LGBTQ+ Asylum Claimants as Intimate Citizens and the Rise of Homonationalism: Transnational Intersections of Memory, Place and Media
Authors: Pullen, C.
Conference: ASEN Conference 2024: Nationalism and Memory
Dates: 9-11 April 2024
Abstract:LGBTQ+ asylum claimants appear stateless, as the homeland nation state often appears as a site of historical trauma, persecution, and vulnerability, while the desired new homeland too can be experienced as an alien landscape, even if it appears to offer rescue, harbour and potentially salvation. However, when identifying with new homelands LGBTQ+ asylum claimants, often exhibit a sense of ‘intimate/sexual citizenship’ (see Evans 1993; Plummer 2003), framing emotional senses of belonging, that appear as transnational, hybridising culture (see Bhabha 1994). Despite this, the rise of ‘homonationalism’ (Puar 2013) a biopolitical shift that encodes LGBTQ+ rights in many western constitutions (and may be co-opted by the right wing), problematizes notions of citizenship equality for non-western queer citizens.
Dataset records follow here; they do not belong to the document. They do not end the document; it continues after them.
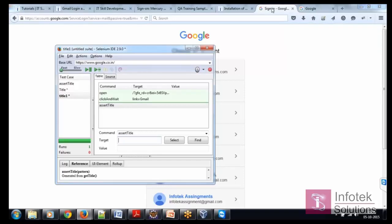What is the title of this webpage? If I roll over my mouse, it is sign in dash Google accounts.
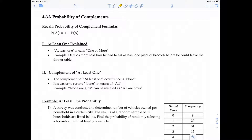In this video — video one of section 4-3 — we'll be covering probability of complements. In the second video, we'll be talking about conditional probabilities. Recall that in prior videos, we saw the probability of complement formulas. It's one formula but there were multiple ways to write it. One way: the probability of A is equal to 1 minus the probability of the complement of A.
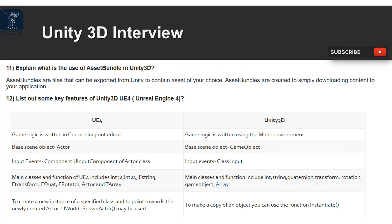Question 12: Key features comparing Unity 3D vs. UE4 (Unreal Engine 4). In UE4, game logic is written in C++ or Blueprint Editor; in Unity 3D, game logic is written using the Mono environment. Base scene object in UE4 is Actor; in Unity it is GameObject. Input events use UInputComponent of Actor class in UE4. Main classes and functions in UE4 include int32, int64, FString, FTransform, FQuat, FRotator, Actor, and TArray.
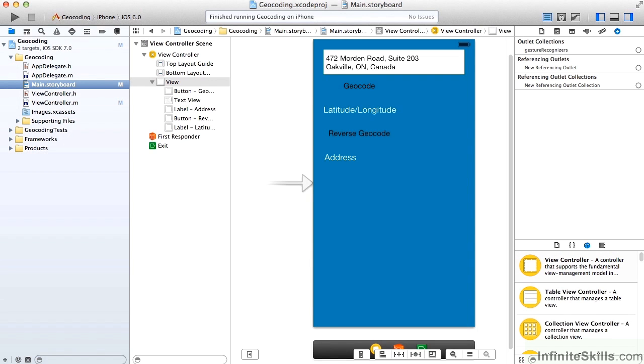And reverse geocoding is the process of taking that latitude or longitude and converting it back into a street address. Maps and location services typically work with latitude and longitudes, but humans work with addresses.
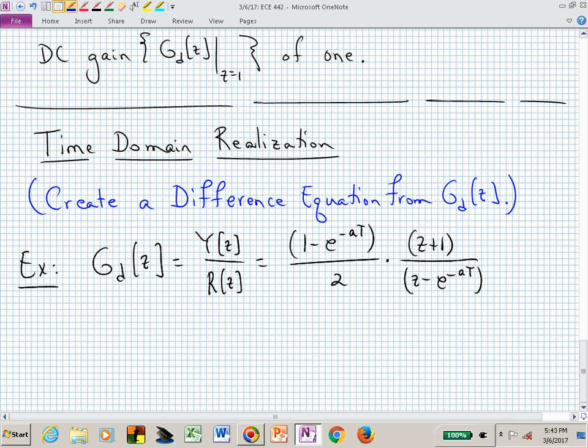What's the order of this transfer function? The order is determined by the power of the denominator polynomial. The highest power of Z in the denominator is one, so this is first order. We should expect a Y of N equals something times Y of N minus one, and we shouldn't have any Y of N minus two or Y of N minus three terms. In order to find these Y of N minus one terms, we need to express G sub D in terms of Z to the minus one powers instead of Z.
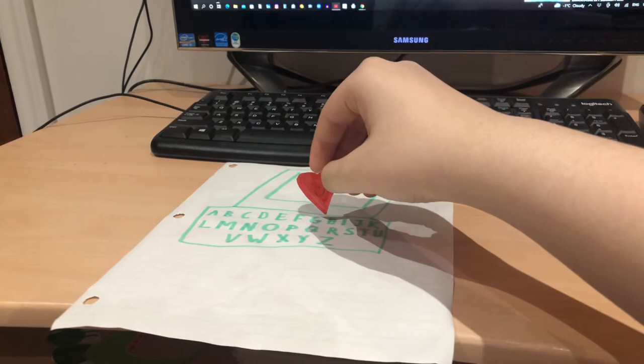The Brilliant Creations Beginner Laptop. Only from VTAC.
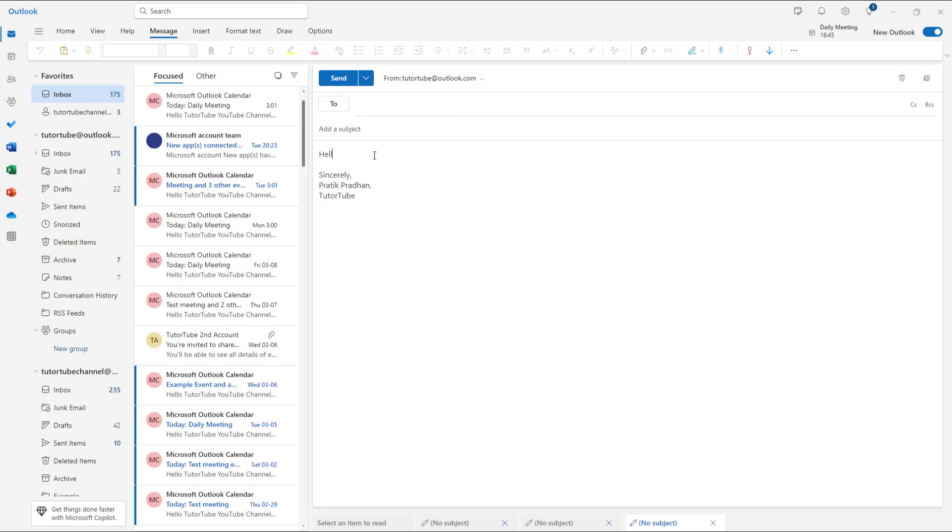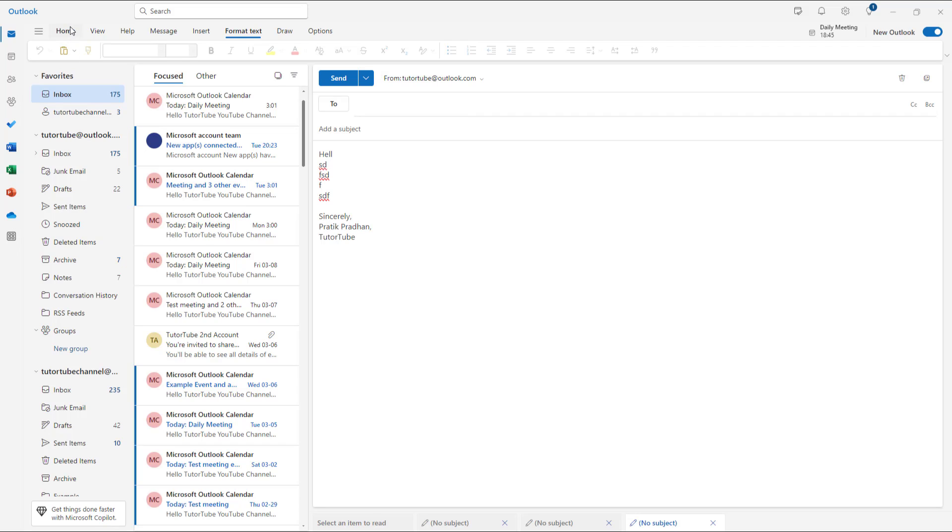So I can simply go and say hello and type things in right here, but there are no formatting options as you can see. In the formatting options, everything is grayed out. So if I want to turn back the HTML email once again,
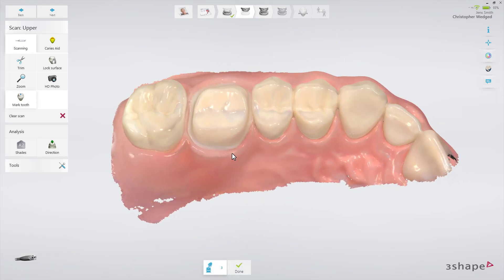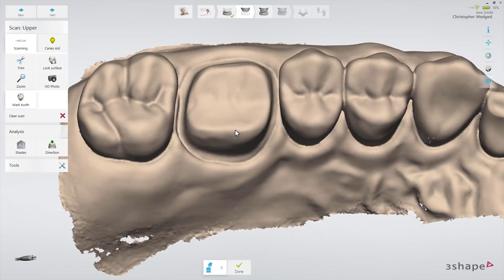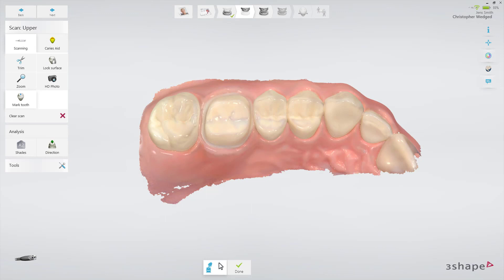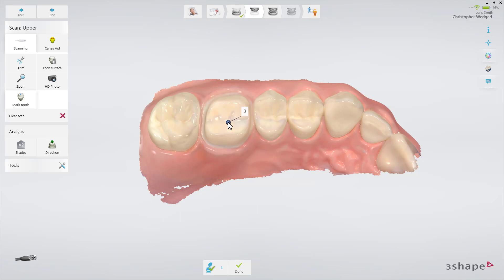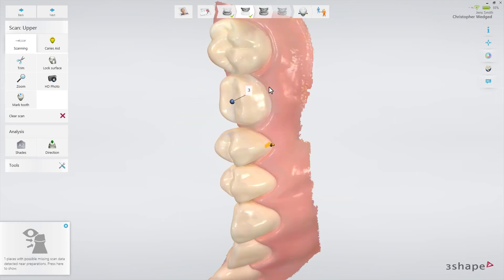Verify this by zooming in on the preparation, turning off colors, and rotating the preparation. Finally, mark the preparation using the mark tooth button. Once you have marked the tooth, the software will automatically check if there are any areas near the preparation that have not been scanned. If any holes are found, you'll be informed by a pop-up. Pressing the pop-up will rotate the scan to show the areas not scanned, indicated by amber arrows.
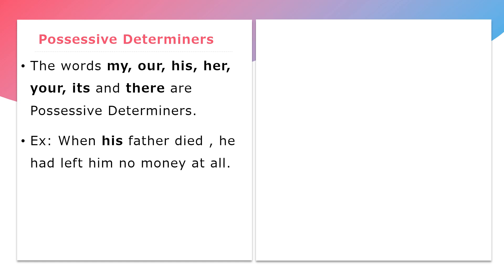The words my, our, his, her, your, its, and there are possessive determiners. Example: When his father died, he had left him no money at all. Here, his is a possessive determiner.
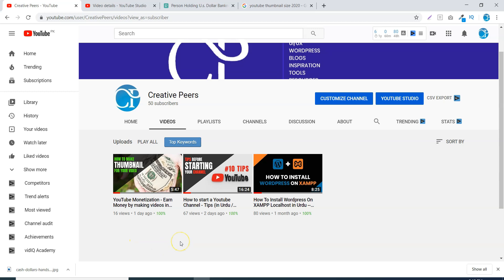If you like my video, subscribe to my channel, press the bell icon, like it, share it and comment. Let me know which videos you want to see in the future. Thank you for watching, Allah Hafiz.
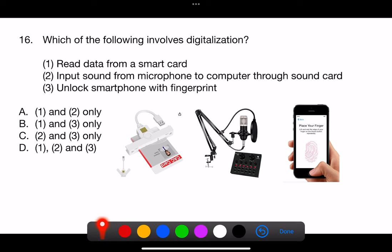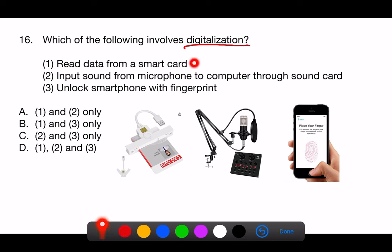Question 16. Which of the following involves digitalization? 1. Read data from a smart card. 2. Input sound from microphone to computer through sound card. 3. Unlock smartphone with fingerprint.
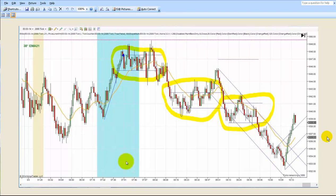Hey, it's Mac with PriceActionTradingSystem.com and it is Monday, March 10th. There's not going to be a chart lesson today. I'm going to do something, but it's not going to be based on any of our trades. I didn't trade today.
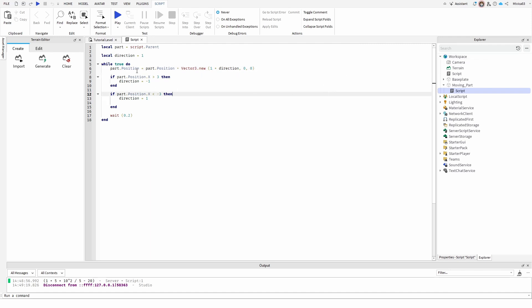However, we added these variables. If part position x greater than three, then direction minus one. And if part position x less than minus three, then direction one. So it kind of goes back and forth from these minus three and three positions.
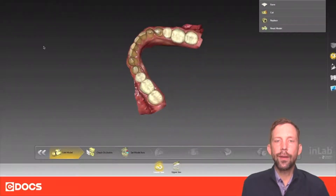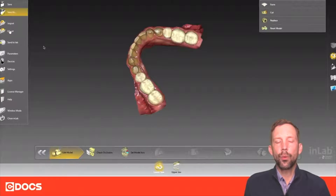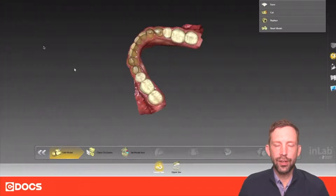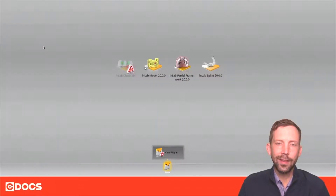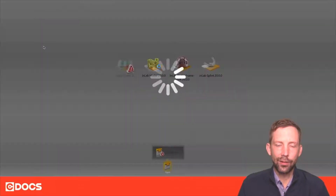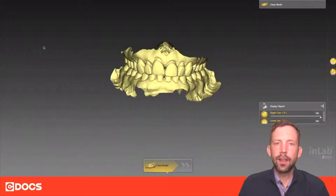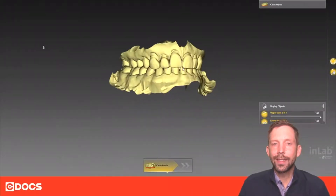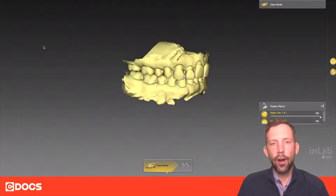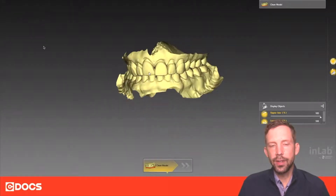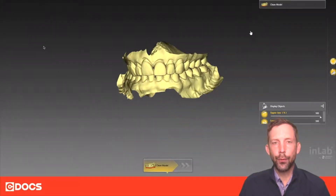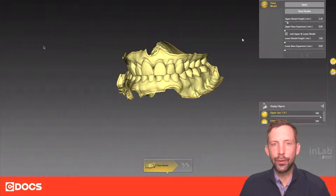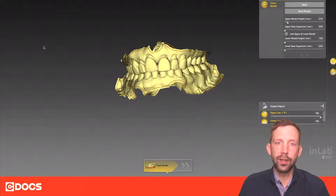Once you have these in here we can go ahead and open the application of Model Maker and bring these into the model software. Once they get into the model software you'll see there's a step-by-step process that you need to complete. You can't move forward until you clean the models.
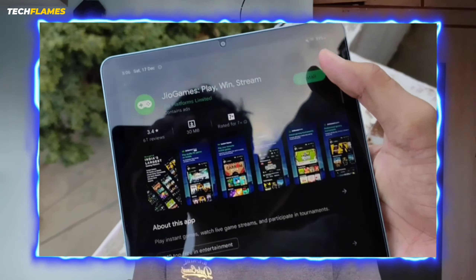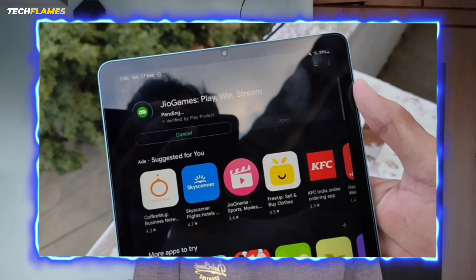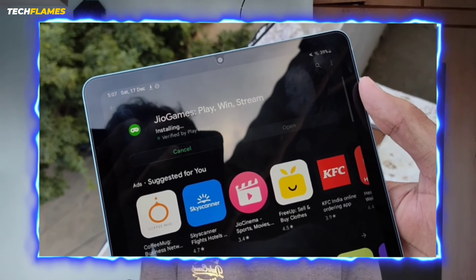If you want to play on the phone or tablet, for Android you can find and download the Jio Games application from the Play Store to your tablet or phone.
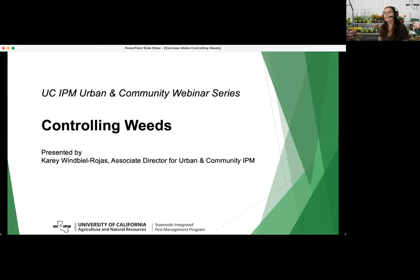Today's talk will be about controlling weeds, presented by Carrie Wimbel Rojas. Carrie is the Associate Director for Urban and Community IPM and also an Area Urban IPM Advisor serving Yolo, Solano, and Sacramento counties. As Associate Director, Carrie provides leadership and coordinates communication and educational efforts to address pest issues around homes, structures, landscapes, gardens, schools, and public areas.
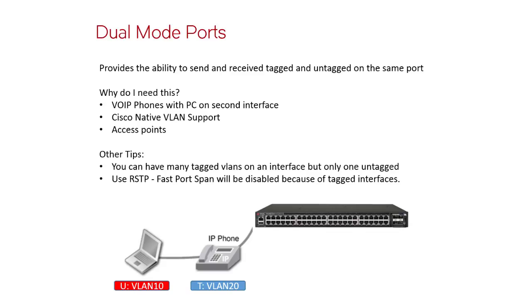And thirdly, many access points on the market use tagged and untagged at the same time. So the untagged would be used for configuration and management, and then the tagged would be used for the user SSIDs.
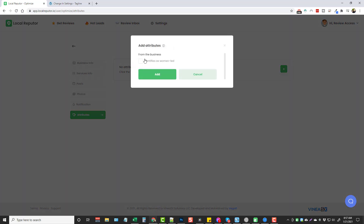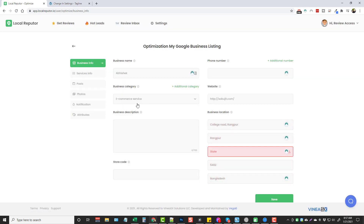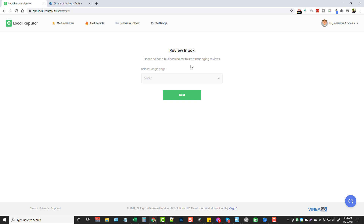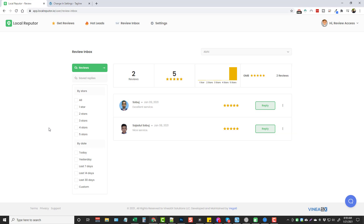You can edit their photos, set notifications, and manage attributes. I'm not going to go through every setting — there'll be more details on the sales page linked below this video. You also have Review Inbox, which lets you manage reviews for the Google pages synced with your account. Click on a Google page, click Next, and it shows you saved reviews. You can reply to them, mark them as resolved, or ignore them — giving you full control over reputation management.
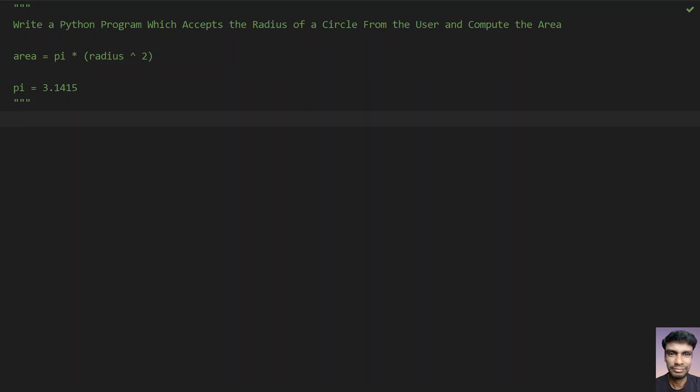Hello guys, welcome to my YouTube channel. In this video you will learn how to write a Python program which accepts the radius of a circle from the user and computes the area. Given the radius of a circle, you have to compute the area of a circle.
Drawing evidence from interviews with LGBTQ+ asylum claimants who engaged with regional NGOs in the UK (Pullen and Franklin 2023), and framing documentary media representations within Flee (Jonas Poher-Rasmussen 2021) and Jihad for Love (Parvez Sharma 2008), this paper frames the narrative construction of memory for the LGBTQ+ asylum claimant, in defining their citizenship identity. While the data from the interviews and the representational world of the documentary media texts, appear to frame a transnational ideology, in creating a holistic vision of the LGBTQ+ asylum claimant, we are presented not so much with a transformative hybrid vision of citizenship, but more of a fluid reality. A sense of being and becoming (Deleuze 1994) is present, counterpointing a nostalgia for the homeland in contrast to their new lived reality, while critiquing the spectre of homonationalism.